Learning the rhythm of regatta
WORTHINGTON -- The pitter-patter of rain drops on the roof of the beer garden tent provided a perfect counter-beat to the sound of African drums, cymbals and percussion instruments during the percussion workshop Saturday at the 2010 Worthington R...
WORTHINGTON -- The pitter-patter of rain drops on the roof of the beer garden tent provided a perfect counter-beat to the sound of African drums, cymbals and percussion instruments during the percussion workshop Saturday at the 2010 Worthington Regatta and Unvarnished Music Festival.
Hosted by Marc Anderson of Boiled in Lead and Mark O'Day of the Galactic Cowboy Orchestra, the rhythms of the workshop drew people into the tent area on Sailboard Beach. More than one youngster watched the artists with a longing to beat a drum shining in their eyes.
"The hardest thing about playing percussion is getting the sounds you're looking for," O'Day explained from behind his trap set. "Playing a set like this is physically different than playing percussion."
The two drummers had brought a variety of African drums with them for the workshop, and they encouraged people who had stopped to watch to pick up a drum.
"We're going to tailor this to you," Anderson told his various drummers. "But playing this kind of drum, you need to think differently to fill out the groove."
After careful instructions on how to hit the drum with their hands to produce different sounds, Anderson got the beat started and his new recruits joined in, filling in the sound of O'Day on the trap set.
"You can embellish the sound depending on how you are feeling," Anderson stated. "It can take you different places."
They offered hints on how to position the hand on the drum, how to relax the hand before striking and how to hold the drum itself. Within moments, a funky rhythm that had toes tapping and people swaying to the beat drifted out over the beach.

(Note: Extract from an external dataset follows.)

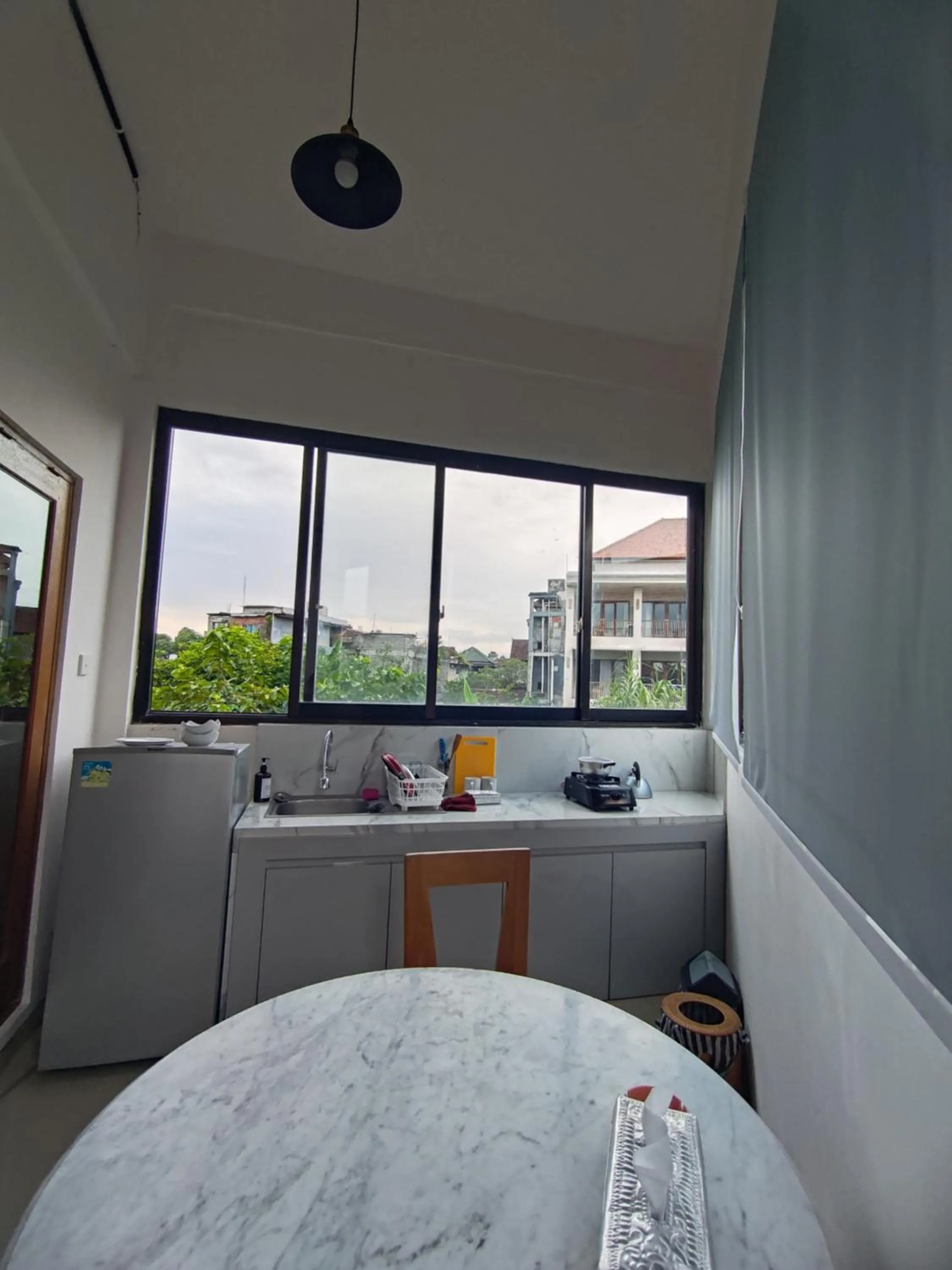 Sampara Ubud with Mindrum Group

"The more you practice, the better you get, until eventually you can talk and play at the same time," O'Day explained, maintaining a steady beat with his bass drum, snare and high hat.
The participants started out hesitantly, but within a few minutes most were pounding away, some with heavy concentration and some with wild abandon. The sound of a tambourine, shakers and clapping hands soon joined the beat, and by the time the workshop was done, the audience was applauding and laughing.
"Just remember to keep it somewhat under control when you work as an ensemble," O'Day reminded his band of merry drummers when handing his sticks over to an eager young man. "Work together, and you can get a great groove going."